According to Vetten’s research, the issues are similar across the continent: In Malawi and Mozambique, women also don’t have easy access to pads. In Zimbabwe, inmates used alternatives such as newspapers, tissues and pieces of blanket or prison uniform. In Ethiopia, they were provided cloths they were expected to wash and reuse. In Nigeria, one pad had to be shared between two women every month and Ugandan women did not have panties to wear during their periods.
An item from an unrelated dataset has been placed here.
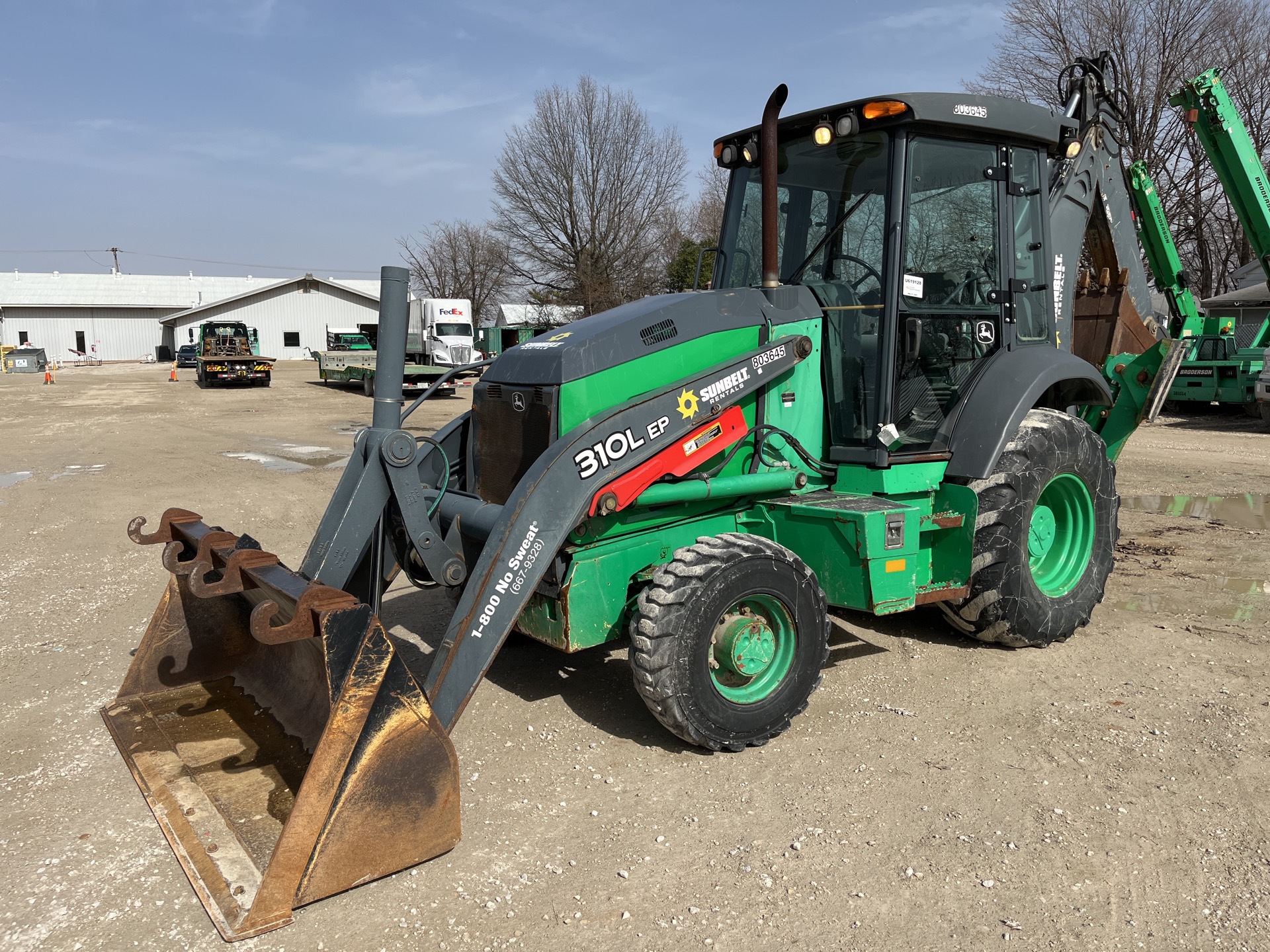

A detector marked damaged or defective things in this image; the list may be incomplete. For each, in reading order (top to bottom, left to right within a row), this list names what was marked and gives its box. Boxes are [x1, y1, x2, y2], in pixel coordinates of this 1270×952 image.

Pregnancy and childcare is another issue that is germane to women. A number of women in prison were primary caregivers before incarceration, some pregnant or had small children when they were sentenced. Babies up to the age of two years are allowed to stay with their mothers. DCS says there are 3 749 women in correctional centres and only 84 of them have babies with them.
Former inmate, Moipone Nkwana, who spoke to the Wits Justice Project, gave birth to her fifth child in prison. She was shackled to the bed and experienced first-hand the difficult conditions of pregnant women and mothers. She served four years for fraud.
According to a report by Penal Reform International (PRI): “Protecting Children in Prison”, growing up in a prison can be traumatic, but it is often seen as the only option. Separation from a parent is also traumatic, which is why authorities try to make basic provisions.
According to DCS spokesman Manelisi Wolela: “information relating to parenting is given by health-care providers and after pregnancy”.
The PRI report notes there is a lack in provisions for children born in prison: “Often the lack of dedicated resources puts children’s well-being at risk. Not enough is done to promote alternatives to custody for mothers with young children, for example: education and rehabilitation programmes or early conditional release.”
DCS, however, claimed that “The department doesn’t have a mandate to promote alternative custody, only the courts can do that, then the department will implement”.
Palesa Manaleng is a journalist for the Wits Justice Project.